The second season of “13 Reasons Why” is now out on Netflix. There are so many different articles and opinions on whether the show has helped or hindered suicide prevention. Whether it promotes suicide glorification or lends itself to more communication within our society about mental health.
SEE ALSO: 31 Reasons Why I Would NEVER Watch Season 2 Of '13 Reasons Why'
Now, it is completely up to you as to whether you are in the correct headspace to watch this series. It talks about a serious subject matter and should not be taken lightly. It's also up to you to decide whether the show is the correct format for speaking about these issues.
Yes, it talks about suicide and rape and bullying. Yes, these issues are important. And yes, this stuff happens.
But suicide isn’t as pretty as it is on TV. In high school, I lost two of my friends to suicide.
I grew up in a very small town where everyone knew everyone and you had to drive an hour just to get to a Target. In high school, we were seemingly protected by everything. We were young and didn't know the harsh realities of the real world.
The school had sent out letters the day my classmate killed himself. Each class period, they told us the news, over and over again. Telling us that there were counselors, encouraging us all to talk about it.
For a moment, time in that small town stopped.
We were morning the loss of our friend. The community came together to focus on the teens in this town. Maybe we weren’t as perfect as we thought we were.
We put up suicide prevention posters and wrote compliment cards to one another in class. We came together and listened to one another. We cared.
But the sad thing is, life goes on, and we were expected to go right along with it.

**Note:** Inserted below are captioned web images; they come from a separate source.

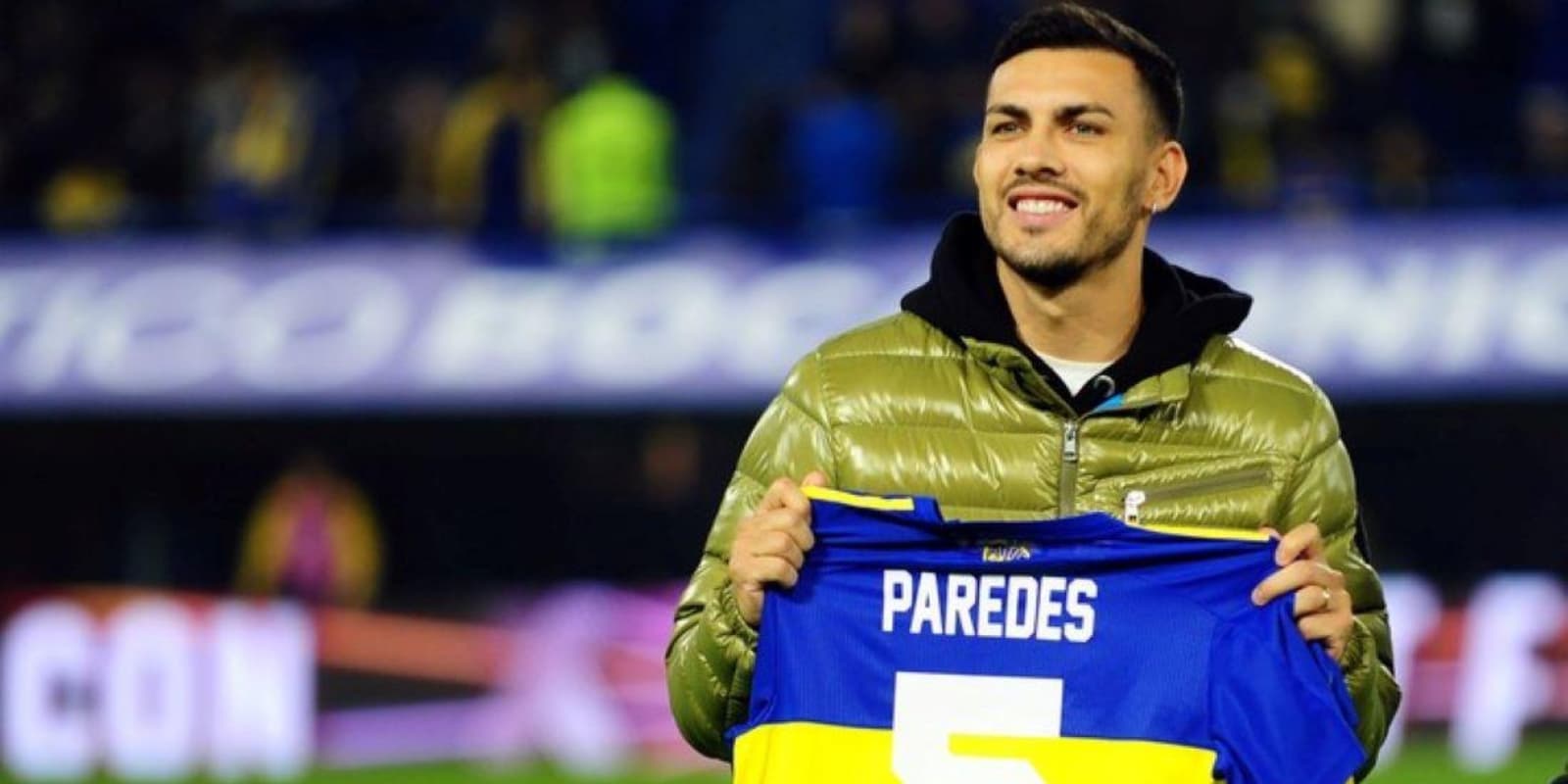 Leandro Paredes.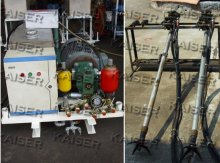 Hydraulic Drilling Rig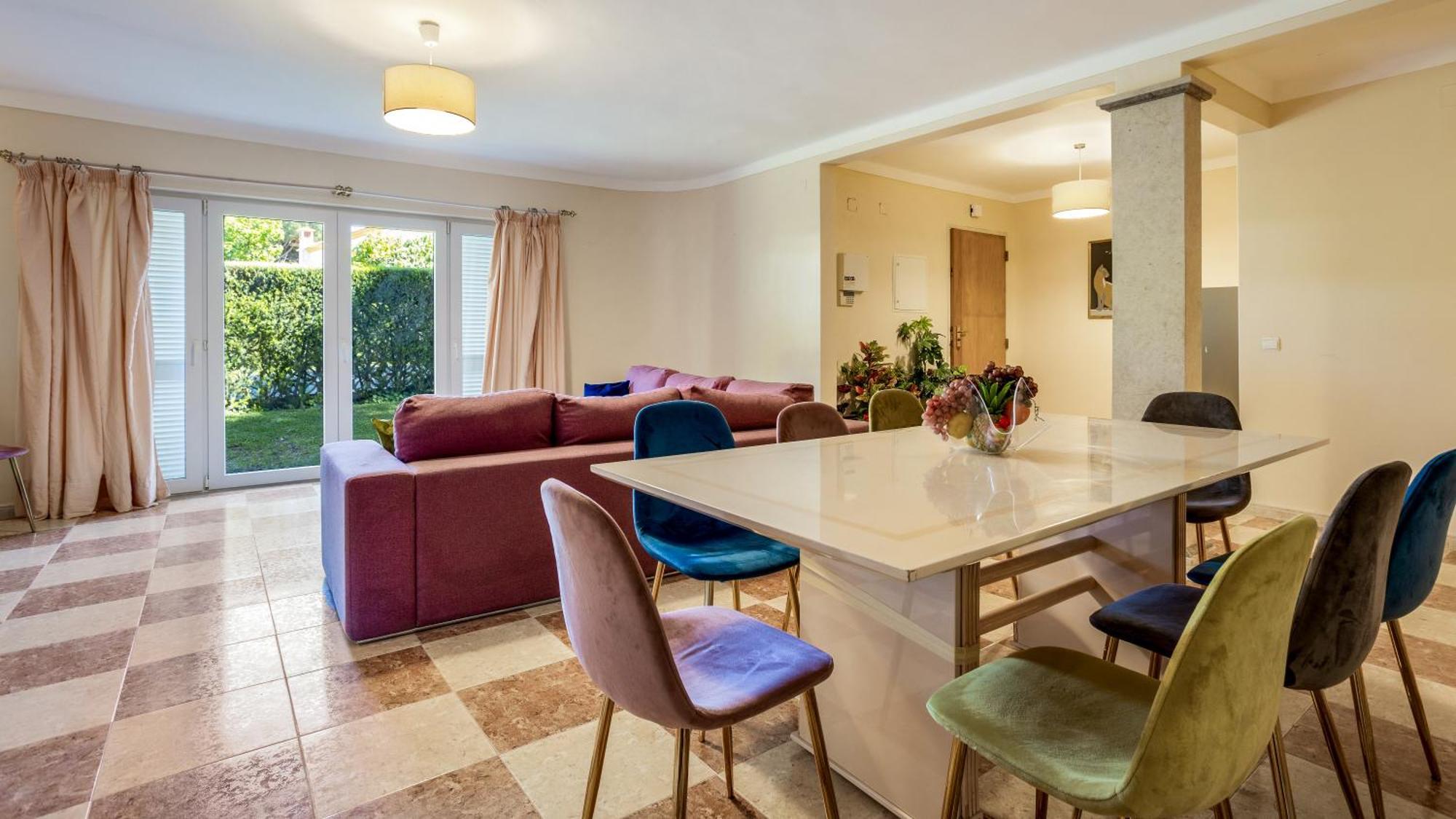 Villa Girassol Виламура Екстериор снимка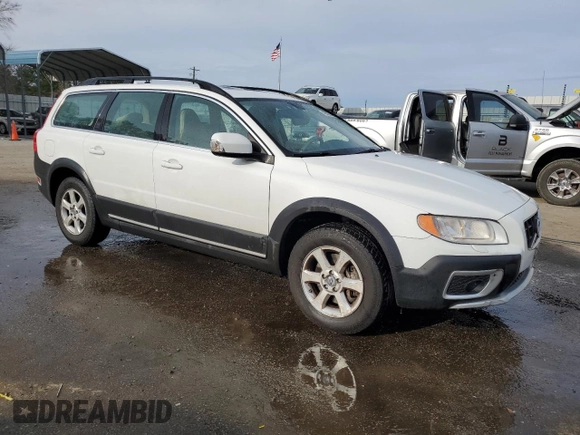 2010 Volvo XC70 3.2L with VIN YV4982BZ8A1080289, listed as a Copart auction lot 42002445 with 97,840 mi miles and Non Repairable. Bid and sale history available at DreamBid. Image 4.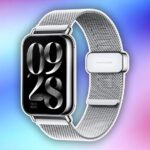 Xiaomi Smart Band 8 Pro, la pulsera inteligente más versátil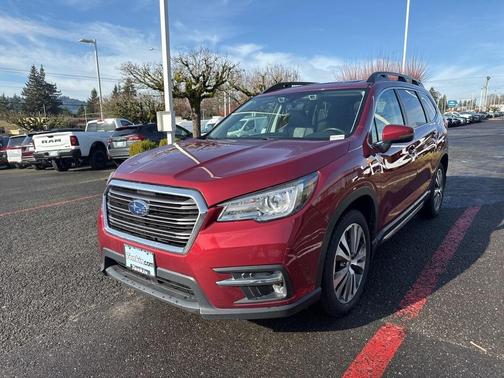 2021 Subaru Ascent Limited 8-Passenger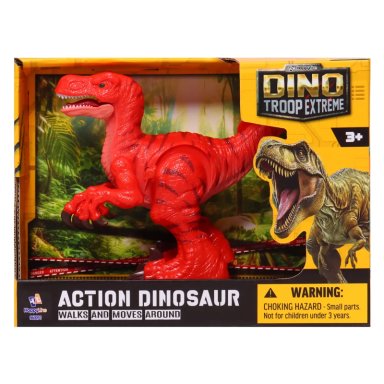 DINOSAURIO ASST CAMINA CUERDA - 15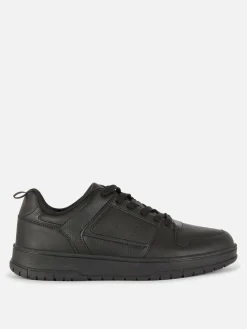 Sporty Paneled Low Tops|Primark Online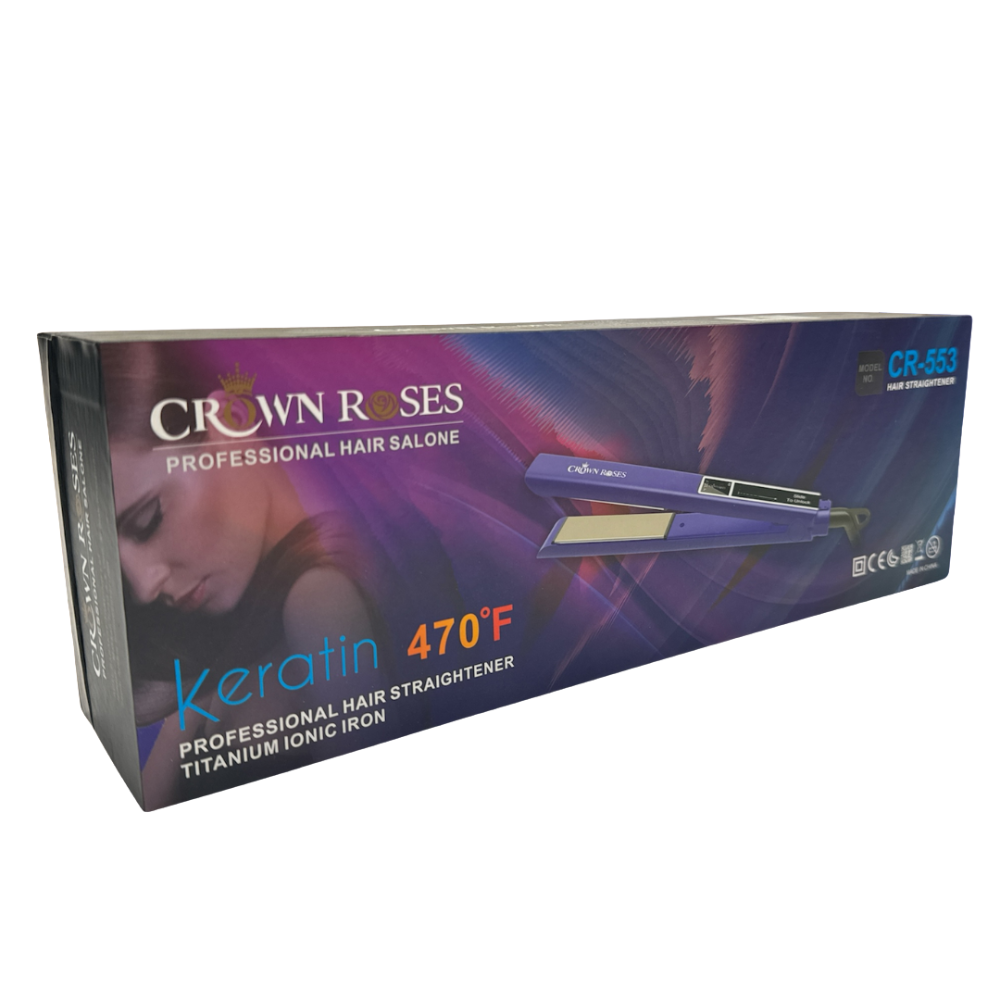 سيراميك فرد الشعر كراون روز CR553 بتصميم أنيق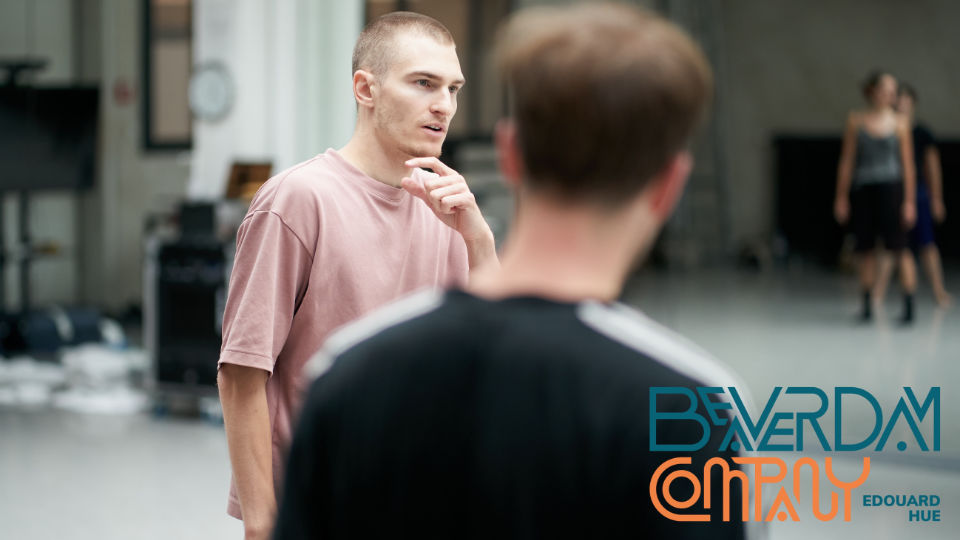 Workshop With Edouard Hue In Paris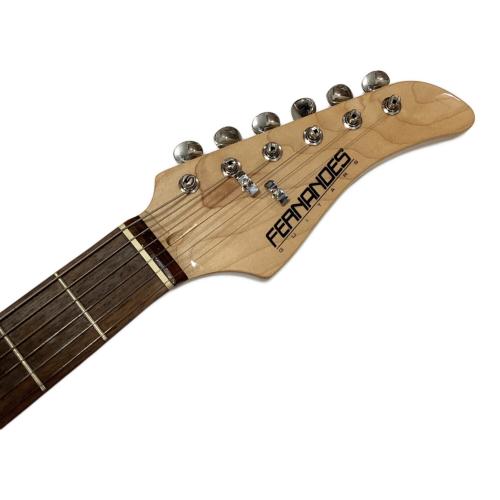 FERNANDES ストラトタイプ 24フレット FERNANDES (フェルナンデス) ストラトタイプ エレキギター｜トレファク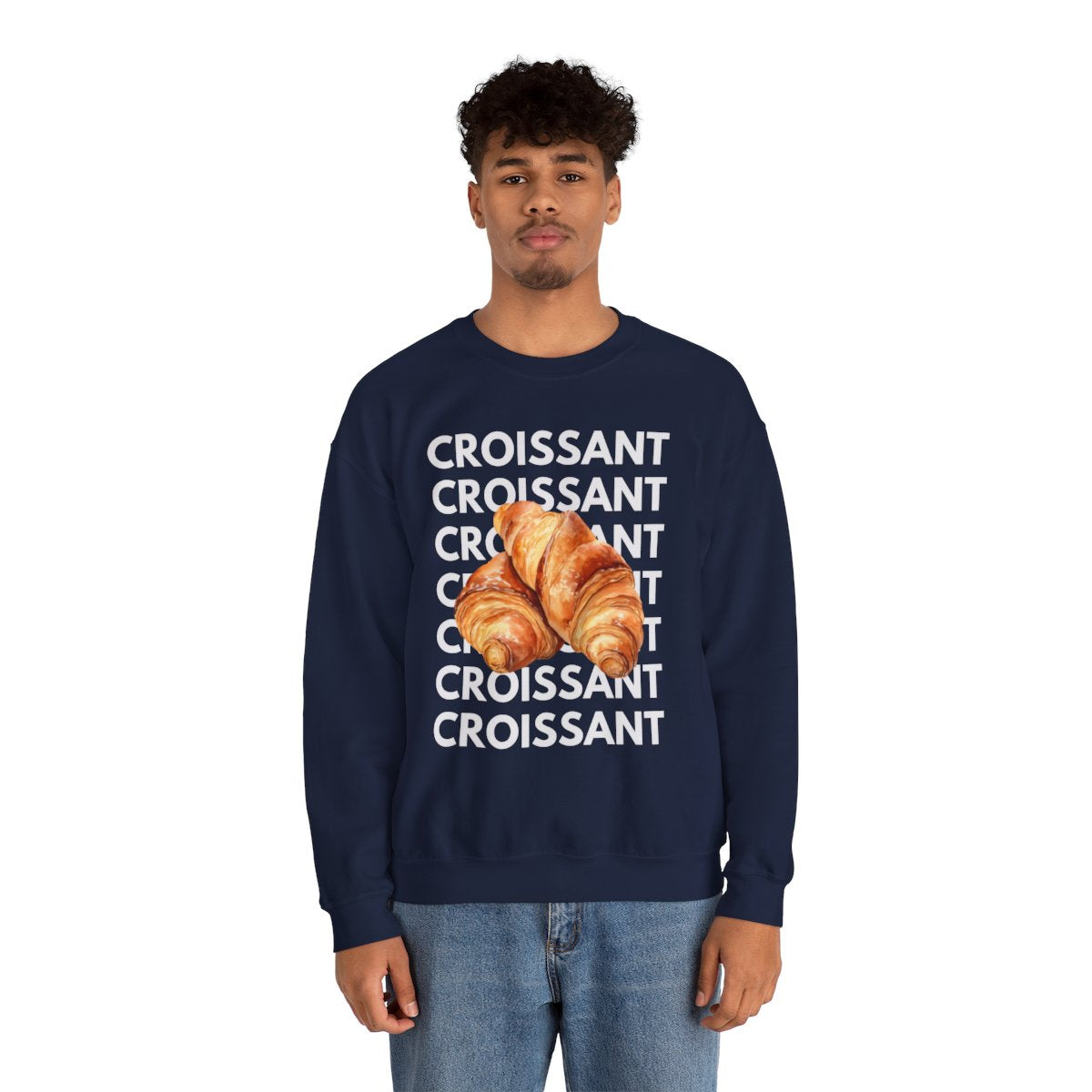 CROISSANT 2 - Bread (Sweatshirt)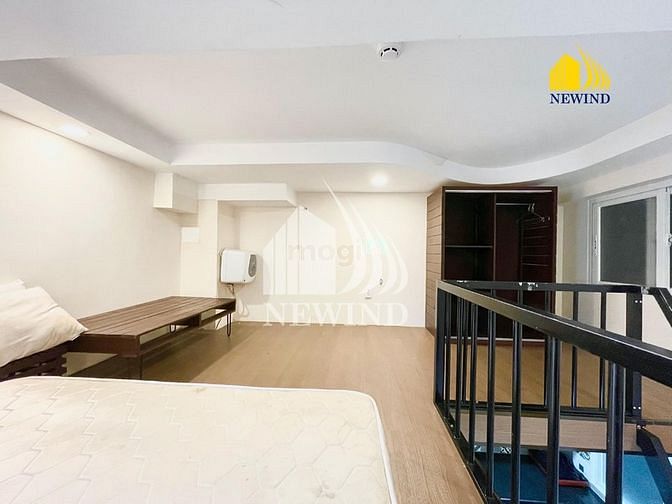 Hình ảnh Duplex cửa sổ lớn full NT sát Đh Tôn Đức Thắng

And no matter how many posters we plastered the walls with of hotlines we shared, it made no difference to the next life that was snuffed out all too soon a few months later.
Again, the teachers were given a letter as to what to tell us and each period was another reminder that he was not here.
But we were expected to move on. We were expected to go back to school and finish out finals.
I had to leave the funeral early to finish an essay. I had never been late to any class in my entire high school career, but that day I was counted late to class because I had been to a second funeral in under a year.
Life stops for no one, not even the dead.
Not just a couple months ago, another friend committed suicide. It’s been years since I first lost my two friends, but again, someone else took their own life.
He was smart and funny and amazing, but he had trouble seeing himself that way. Why is this the only option for people these days? Why couldn't he get the help he needed to live his life out? Why couldn't we listen or care just a little bit more?
Something isn't right in our society if kids are killing themselves.
I never got to say goodbye. I never got to listen to cassette tapes painted with blue nail polish. And they never got their epic endings.
Eventually, people just stop talking about it. Eventually, we all just stop talking about it until someone else decides it's too much.
Suicide is scary. Suicide is not pretty. Suicide is not something we can popularize and then go back to shoving into the dark corners of the reality we refuse to except.
Suicide is real. Don't let stigma's or television shows dictate when we act and when we notice.
The topics being discussed are sensitive and serious. It is not a show to casually binge-watch and forget about the next day. The thing is, we need to be talking about it. We need to be caring. We have to.
The one thing that this show can do is open communication with each other and our society to talk about the ugly stuff, the stuff no one wants to talk about.
Suicide isn't pretty. It isn't the answer. But we need to figure out what is.